When I first heard about Magic Leap – this was eons ago in tech terms, I frankly stopped counting the years – it seemed like an exciting proposition. The concept videos were certainly cool. As they should be, having been made by New Zealand-based special effects company WETA (you know, the one from all the Lord of the Rings films). But things have since soured considerably.
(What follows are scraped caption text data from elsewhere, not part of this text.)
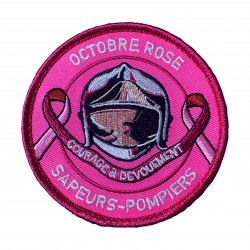 ECUSSON OCTOBRE ROSE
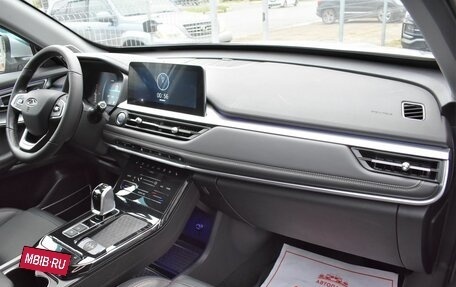 Chery Tiggo 7 Pro, 2022 год, 1 779 000 рублей, 18 фотография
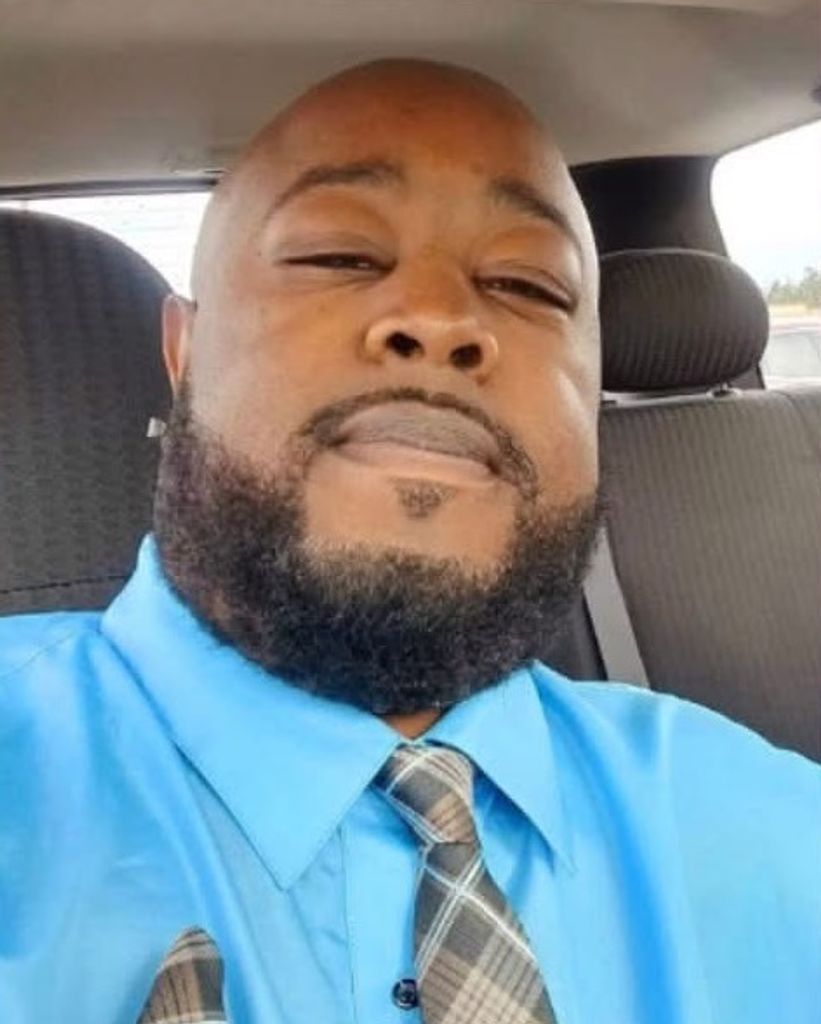 Gilbert Bernard Fortson Jr “Jay Jay” Profile Photo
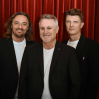  Ernst Mantel Trio • 26.09.2025, 20:00 • Aalen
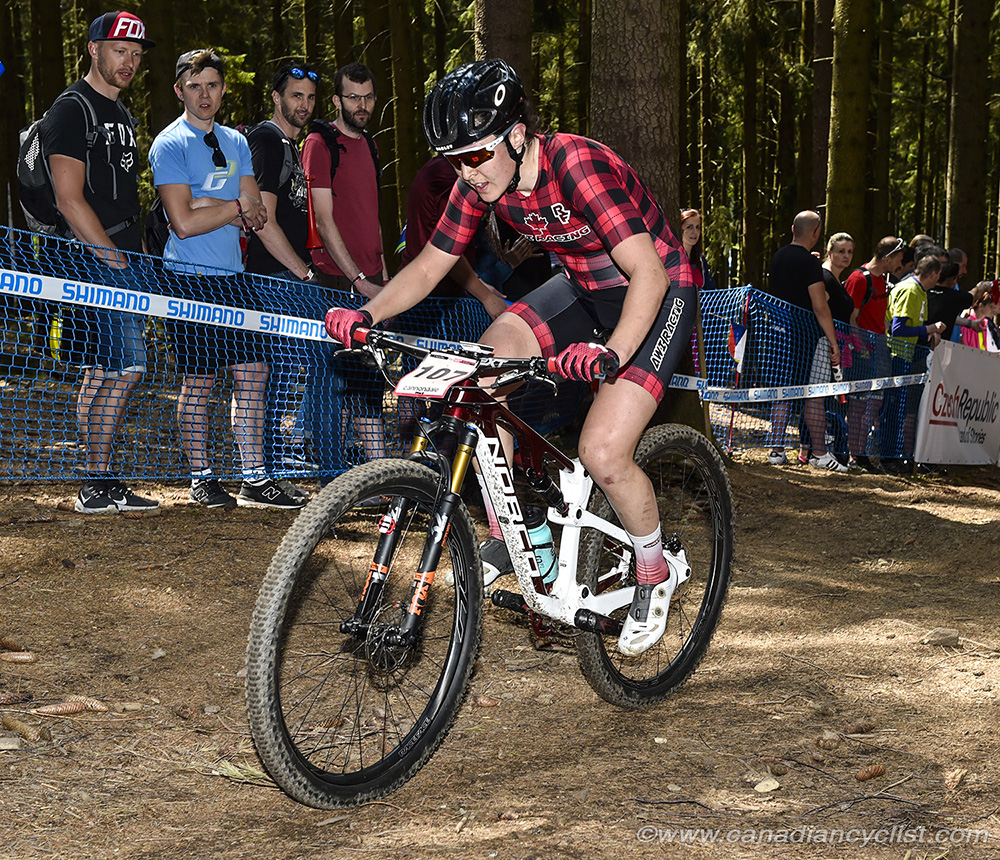 Nove Mesto World Cup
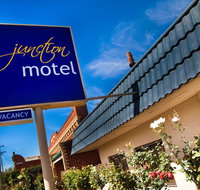 Junction Motel - Winery Find
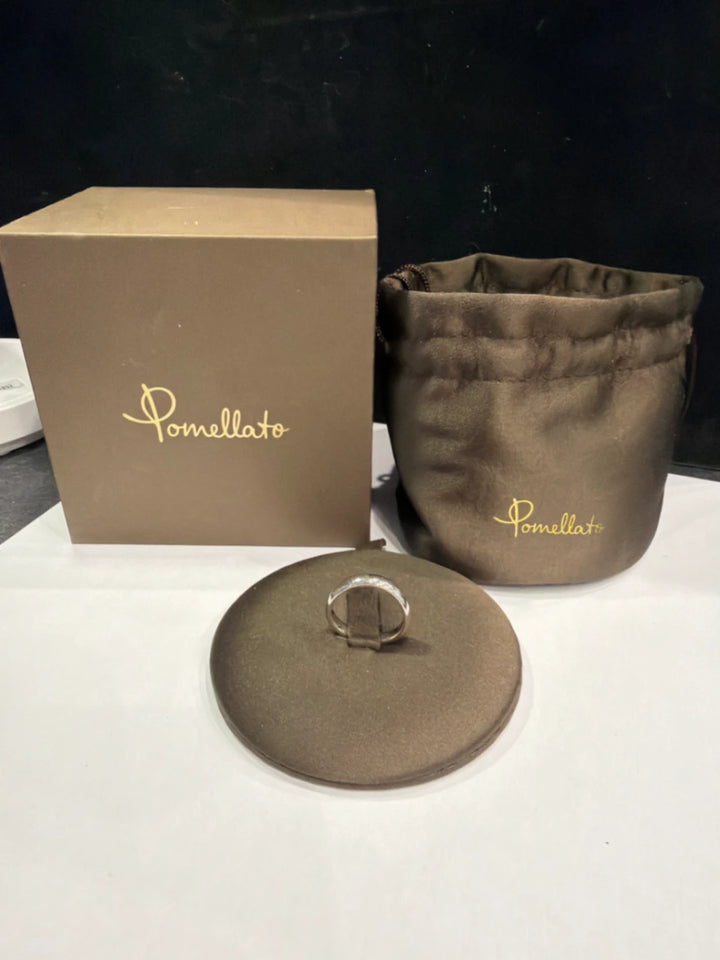 Pomellato Bague or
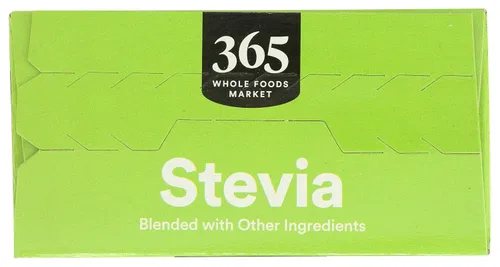 Vista 8 de 365 by Whole Foods Market, Paquetes de extracto de stevia, 100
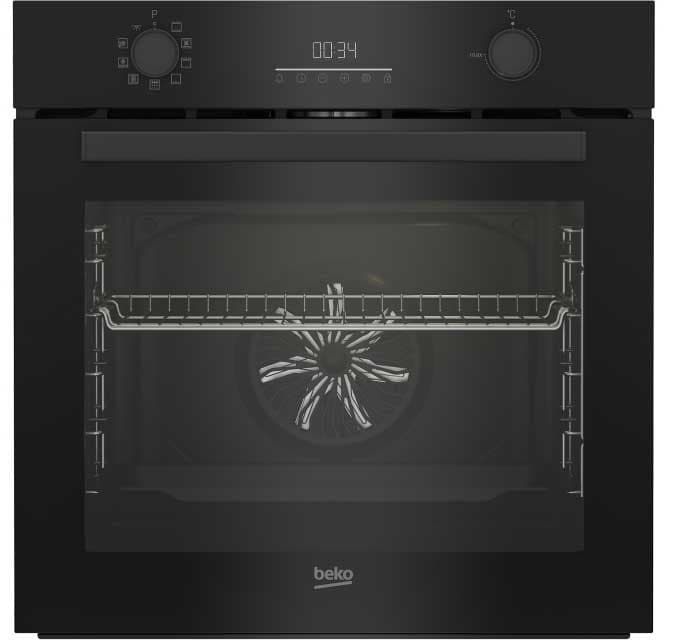 Ugradna električna rerna sa ventilatorom Beko BBIE 17300 BMP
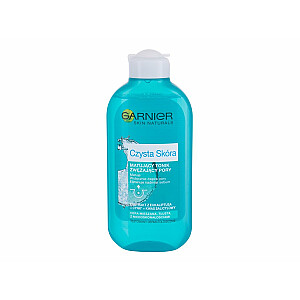 Cleansing Astringent Tonic Pure 200ml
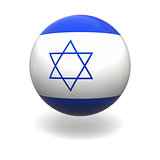 Israelan flag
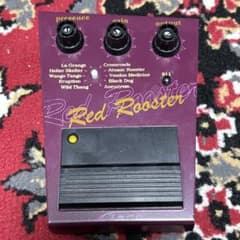 C-TECH Red Rooster オーバードライブ ディストーション - メルカリ
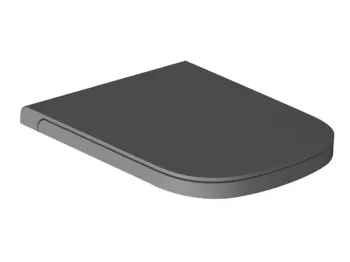 Сидение для унитаза с микролифтом Hatria NEXT Y1F308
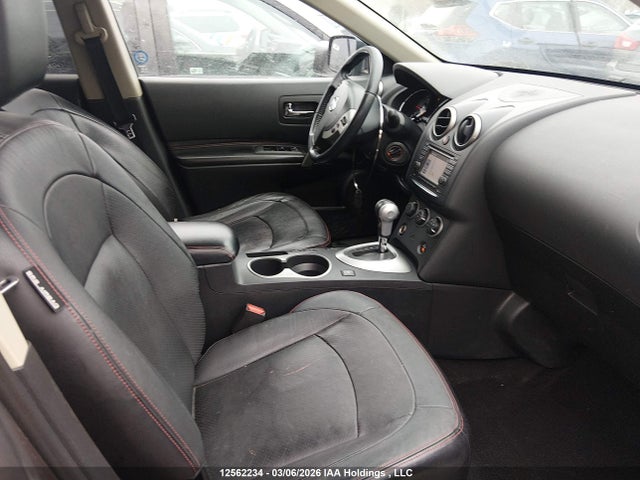 Aukcja sprzedaży 2012 Nissan Rogue S/sv, vin: JN8AS5MV5CW382971, numer aukcji: 12562234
There’s only so much “we know something you don’t know” you can take before it starts becoming annoying, but Magic Leap simply would not take a hint. And although Wired reports that Magic Leap’s CEO and Founder Rony Abovitz now recognizes that they were arrogant, I’m yet to see a significant change in attitude.
What we have seen is that – based on the documentation and photos released – their ultra-hyped headset has to be tethered to what looks like a Diskman (kids, you’ll laugh, but back in the olden 90s we used to play music with these things called CDs, and they each held about 12 songs…) and the FOV (Field of View) is only slightly larger than that of the HoloLens. Considering how much flack Microsoft gets for that limitation (and how the upcoming new version of the HoloLens is rumoured to have a FOV larger than Magic Leap’s), it would be unfair to cut them any slack there.
If Magic Leap really wants to turn a corner with the sceptics, it’s not just about offering journalists demos without ridiculous restrictions (although that would certainly help), but about embracing openness and collaboration. The proof of that pudding will be in how they foster their community of developers and creators, something that Microsoft has done very well with the HoloLens.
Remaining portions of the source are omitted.